Based on these commitments, particularly the fact that the university refers to freedom of speech as the “right of an individual” at the university, Cornell’s students and faculty have every reason to believe they would have the same free speech rights at Cornell as they would at any of New York’s public universities, where the First Amendment is applicable.
Unfortunately, as with so many universities, Cornell’s policies belie the commitments it has made to individual rights.
Cornell’s discriminatory harassment policy suffers from a flaw found in many university harassment policies: while the policy initially provides a definition of harassment that reasonably approximates the legal standard for harassment, it later provides a list of examples of harassment that explicitly include protected speech. Cornell’s policy, for example, states that examples of harassment include “making bias-motivated jokes or statements” when such jokes or statements are “direct and based upon a person’s EEO-protected class status.” In other words, any ethnic, gender, or religion-based joke or insult constitutes harassment on Cornell’s campus so long as it is directed at a particular individual. This is a far cry from true harassment, which—as we have explained so many times—is only conduct “so severe, pervasive, and objectively offensive that it effectively bars the victim’s access to an educational opportunity or benefit.” Davis v. Monroe County Board of Education, 526 U.S. 629 (1999).
Cornell also maintains a statement on “bias related incidents,” which it defines as “an event which has the effect of demeaning or degrading an individual or a group and is motivated in whole or in part by the perpetrator’s bias.” The statement further provides that “If you experience or observe any activity which might be perceived as a biased activity, you are expected to report the incident…The incident will be documented and investigated, referred to the appropriate office, and responded to as is appropriate.” While the statement does not specify whether bias incidents alone can form the basis for disciplinary action, it promises to investigate all reports of such incidents.
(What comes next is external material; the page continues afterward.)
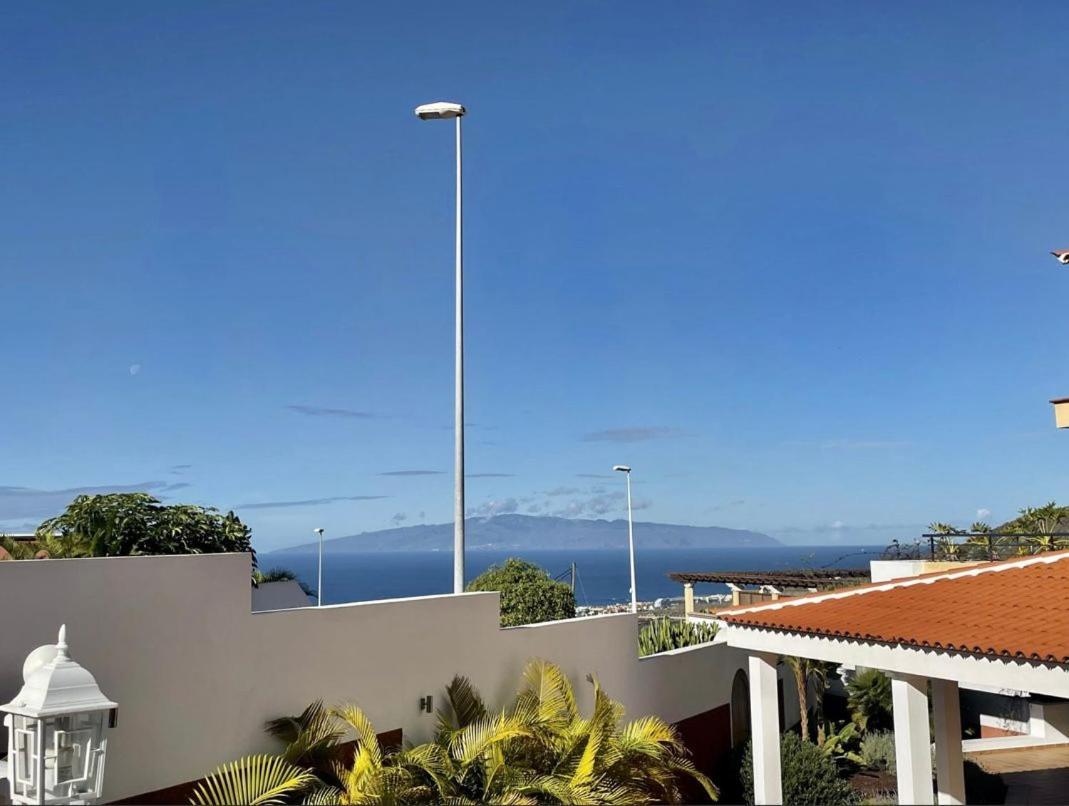 Villa Amorio A Spacious Modern Getaway With A Private Heated Pool & Sea Views 阿德耶 外观 照片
Given that the definition of a “bias related incident” includes protected speech (“demeaning” or “degrading” expression, however deplorable, is constitutionally protected unless it falls within one of just a few narrow categories of speech, such as true harassment or threats), the university’s promise to investigate all such complaints necessarily means that protected expression will be subject to investigation. This, in and of itself, is enough to chill free speech on Cornell’s campus, since students will almost certainly wish to avoid the negative educational effects that would result from being subjected to any sort of disciplinary investigation. This chilling effect is inconsistent with the open atmosphere that should prevail on a campus “whose purpose is the discovery of truth through the practice of free inquiry.”
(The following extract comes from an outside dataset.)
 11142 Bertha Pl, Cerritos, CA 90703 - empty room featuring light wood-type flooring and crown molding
Cornell’s policy on Responsible Use of Electronic Communications also contains vague and overbroad prohibitions that threaten protected speech. First, the policy prohibits “Posting or otherwise disseminating personal or sensitive information about an individual(s).” This is worded much too broadly. While the university may legitimately prohibit the dissemination of certain types of “personal or sensitive information” (such as, for example, student Social Security numbers) there are other types of “personal or sensitive information” that may not only be permissible to disseminate but may also be of importance (such as, for example, the fact that a candidate for student body treasurer has a past conviction for fraud). This is a classic example of overbreadth—while including some legitimate prohibitions, the policy also sweeps in protected expression. The Responsible Use policy also contains the following impermissibly vague prohibition: “Posting hate speech regarding a group’s race, ethnicity, religion, gender, or sexual orientation (generally does not constitute a violation of the Responsible Use policy, but may under certain circumstances).” The policy does not go on to explain what the “certain circumstances” are, leaving students to guess both at what the university might mean by “hate speech” and under what circumstances such hate speech might be punishable. Contrary to popular belief, “hate speech” is not a category of unprotected expression; as with “biased” expression, it is only unprotected if it falls into a few narrow categories of speech such as harassment.